My balky Iver Johnson top-breaks got a version of that prior to going to the range Sunady afternoon: several drops of Ronson fuel down each side of the hammer. I worked the action (controlling the hammer!) multiple times and then followed with some proper oil ("FP-10," I think) and some more working. The older one, with a stiff hinge, got the same treatment there.
And what do you know -- it worked! Both worked much better today. They could still use a professional going-over but in the case of the Supershot, it made a huge improvement.
I shot my High Standard Sentinel, too, and the H&R 623 just 'cos it is so darned much fun.

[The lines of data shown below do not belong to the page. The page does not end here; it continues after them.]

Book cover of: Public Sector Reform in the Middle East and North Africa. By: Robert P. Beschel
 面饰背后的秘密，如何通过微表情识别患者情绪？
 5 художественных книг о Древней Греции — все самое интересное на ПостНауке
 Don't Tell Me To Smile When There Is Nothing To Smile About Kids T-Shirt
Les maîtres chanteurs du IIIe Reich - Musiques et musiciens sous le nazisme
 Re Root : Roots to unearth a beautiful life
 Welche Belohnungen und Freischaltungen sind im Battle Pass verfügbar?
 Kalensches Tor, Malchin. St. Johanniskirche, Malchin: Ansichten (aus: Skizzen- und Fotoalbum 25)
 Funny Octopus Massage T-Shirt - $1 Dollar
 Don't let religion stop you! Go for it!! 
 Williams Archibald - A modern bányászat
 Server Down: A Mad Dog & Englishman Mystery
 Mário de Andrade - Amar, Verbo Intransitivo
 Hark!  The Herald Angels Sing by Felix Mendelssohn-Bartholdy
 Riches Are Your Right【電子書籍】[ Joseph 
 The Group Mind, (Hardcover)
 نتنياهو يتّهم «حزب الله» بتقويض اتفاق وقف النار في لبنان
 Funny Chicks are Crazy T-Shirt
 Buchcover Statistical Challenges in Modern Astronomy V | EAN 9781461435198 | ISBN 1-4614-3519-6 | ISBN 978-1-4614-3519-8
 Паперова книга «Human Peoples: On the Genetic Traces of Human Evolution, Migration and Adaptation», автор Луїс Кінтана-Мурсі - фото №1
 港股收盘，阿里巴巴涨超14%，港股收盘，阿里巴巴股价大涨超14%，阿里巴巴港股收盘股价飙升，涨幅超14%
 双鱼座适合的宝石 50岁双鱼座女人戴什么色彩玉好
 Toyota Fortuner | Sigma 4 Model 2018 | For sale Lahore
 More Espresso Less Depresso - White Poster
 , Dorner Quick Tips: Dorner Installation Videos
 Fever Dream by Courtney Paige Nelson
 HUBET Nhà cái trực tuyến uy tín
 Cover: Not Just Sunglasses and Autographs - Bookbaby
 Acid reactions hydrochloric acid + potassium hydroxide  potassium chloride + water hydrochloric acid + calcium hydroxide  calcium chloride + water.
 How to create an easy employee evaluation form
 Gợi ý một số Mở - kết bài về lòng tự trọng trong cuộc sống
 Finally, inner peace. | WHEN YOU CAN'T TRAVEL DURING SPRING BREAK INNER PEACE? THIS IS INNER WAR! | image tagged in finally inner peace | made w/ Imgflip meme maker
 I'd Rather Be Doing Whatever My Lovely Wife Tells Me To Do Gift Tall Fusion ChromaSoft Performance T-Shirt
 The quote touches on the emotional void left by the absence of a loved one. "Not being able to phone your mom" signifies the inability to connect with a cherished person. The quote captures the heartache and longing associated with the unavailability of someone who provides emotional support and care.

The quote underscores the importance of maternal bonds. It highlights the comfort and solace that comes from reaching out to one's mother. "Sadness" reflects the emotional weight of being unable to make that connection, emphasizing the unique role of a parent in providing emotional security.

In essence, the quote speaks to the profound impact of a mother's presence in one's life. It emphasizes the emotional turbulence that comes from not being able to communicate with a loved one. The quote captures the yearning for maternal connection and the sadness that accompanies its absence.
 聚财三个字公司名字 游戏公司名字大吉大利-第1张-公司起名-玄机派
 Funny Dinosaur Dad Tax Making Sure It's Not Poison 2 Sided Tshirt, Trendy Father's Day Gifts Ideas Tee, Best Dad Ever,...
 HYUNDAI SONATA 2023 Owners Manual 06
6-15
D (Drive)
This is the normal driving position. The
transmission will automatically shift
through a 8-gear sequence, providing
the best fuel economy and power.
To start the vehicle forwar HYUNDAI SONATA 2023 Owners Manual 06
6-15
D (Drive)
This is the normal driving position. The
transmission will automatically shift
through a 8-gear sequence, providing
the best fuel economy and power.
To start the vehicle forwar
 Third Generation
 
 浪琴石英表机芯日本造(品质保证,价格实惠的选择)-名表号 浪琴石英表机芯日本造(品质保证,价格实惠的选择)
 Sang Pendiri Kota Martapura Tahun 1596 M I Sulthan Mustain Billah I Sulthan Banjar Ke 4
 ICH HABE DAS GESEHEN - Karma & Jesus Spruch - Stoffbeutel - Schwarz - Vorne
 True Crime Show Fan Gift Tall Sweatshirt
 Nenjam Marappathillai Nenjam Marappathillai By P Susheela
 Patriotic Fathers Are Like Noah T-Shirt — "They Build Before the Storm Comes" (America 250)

I saw -- and should have photographed -- an immaculate 622, the blued version; this one had a 6" barrel, a nice holster and cartridge belt (for .22s!) and a story: an elderly gentleman drove up and asked Guy (the range boss; also, he practices law) if he could drop off a gun he no longer wanted. ("My business partner convinced me to buy it a long, long time ago and it just makes me nervous to still have it around.") This was a bit of a surprise. Even after Guy pointed out he could instead take it to a gun store and turn it into money, the man was sure he wanted to give it away there and then. He just wasn't comfortable having it. Evidently, his story was found plausible, and when the firearm in question was revealed, there it was: a little pull-pin .22, a back-yard can-plinker. Naturally, the rangemasters didn't want to see it go unwanted... (I've shot it. It needs cleaned, lubed and maybe a new mainspring, but it's almost 100%). Made sometime between 1968 and 1970, depending on who you believe about H&R date-coding.
With my guns, I got off to a lousy start but found the center soon enough. The Sentinel is a particular treat; once I have got my head in the game, it's a magic fun machine, "Boom! in the black. Boom! In the black," over and over.